I'm trying to create a generic type guard, I've read answers that led me to this solution:

function typeGuard<T>(o, constructor: { new(...args: any[]): T }): o is T {
    return o instanceof constructor;
}

This works for any class that has a constructor, e.g.:

class b {
    k: number;

    constructor(k: number) {
        this.k = k;
    }
}
console.log(typeGuard(new b(5), b));

I'm having trouble getting this to work for something like:

console.log(typeGuard(5, number));

or

console.log(typeGuard<number>(5));

I've tried this:

type prim = "string" | "number" | "boolean"; // or without quotes
function typeGuard<T>(o, constructor: { new(...args: any[]): T }): o is T;
function typeGuard<T extends prim>(o): o is T;
function typeGuard<T>(o, constructor?): o is T {
    if (constructor) {
        return o instanceof constructor;
    }
return typeof o ==="string";
}

But this implementation doesn't let me look into what T is and do something like if typeof o === T or something like that.

Is there a way to implement this? Theoretically I'd like to pass string as the constructor argument like typeGuard(5, string) but this would require constructors type to be: { new(...args: any[]): T } | Type<string> | Type<number> | Type<boolean> but I don't know how to implement this in typescript.

Example of use:

class firstClass {
    n: number;
    constructor(n: number) {
        this.n = n;
    }
}

class secondClass {
    id: Date;
    constructor(d: Date) {
        this.id = d;
    }
}

function toConsole(a): void {
    if (typeGuard(a, firstClass)) {
        console.log(a.n);
    } else if (typeGuard(a, secondClass)) {
        console.log(a.id);
    } else if (typeGuard(a, string)) {
        console.log(a);
    }
}

Answer 1

I'm still not sure what the real need is for this to be a single function, but let's see what we can do. You need to provide, at runtime, a value for the function to use to determine if you're checking for a string, number, or something else.
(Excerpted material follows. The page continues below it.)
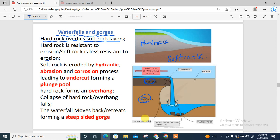The soft rock easily gets eroded by erosional processes — hydraulic action, abrasion, and corrosion. Once that happens, it leads to the build-up of an undercut, thereby forming a plunge pool, which is the deepest part of the waterfall. Most erosional processes take place here, leading to the formation of a plunge pool, as the soft rocks get eroded to form an undercut.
Let's say that the second argument to typeGuard() is called sentinel, of type Sentinel, which can either be a constructor, or one of the string values corresponding to what typeof gives you.

type TypeofMap = {
  string: string,
  number: number,
  boolean: boolean
}
type Sentinel = (new (...args: any[]) => any) | keyof TypeofMap;

Then, given a value of a type that extends Sentinel, the type you're guarding is related to the type of Sentinel via the following conditional type:

type GuardedType<T extends Sentinel> = T extends new (...args: any[]) => infer U ? 
  U : T extends keyof TypeofMap ? TypeofMap[T] : never;

And you can implement typeGuard() like this:

function typeGuard<T extends Sentinel>(value: any, sentinel: T): value is GuardedType<T> {
  // assign to Sentinel instead of generic T to allow type guarding†
  const concreteSentinel: Sentinel = sentinel;
  if (typeof concreteSentinel === "string") {
    return typeof value === concreteSentinel;
  } else {
    return value instanceof concreteSentinel;
  }
}

_{(† See Microsoft/TypeScript#13995 for the reason for concreteSentinel)}

And here's how you'd use it:

declare const thing: string | number | RegExp;
if (typeGuard(thing, "string")) {
  console.log(thing.charAt(0));
} else if (typeGuard(thing, RegExp)) {
  console.log(thing.flags);
} else {
  console.log(thing.toFixed(0));
}

Does that make sense?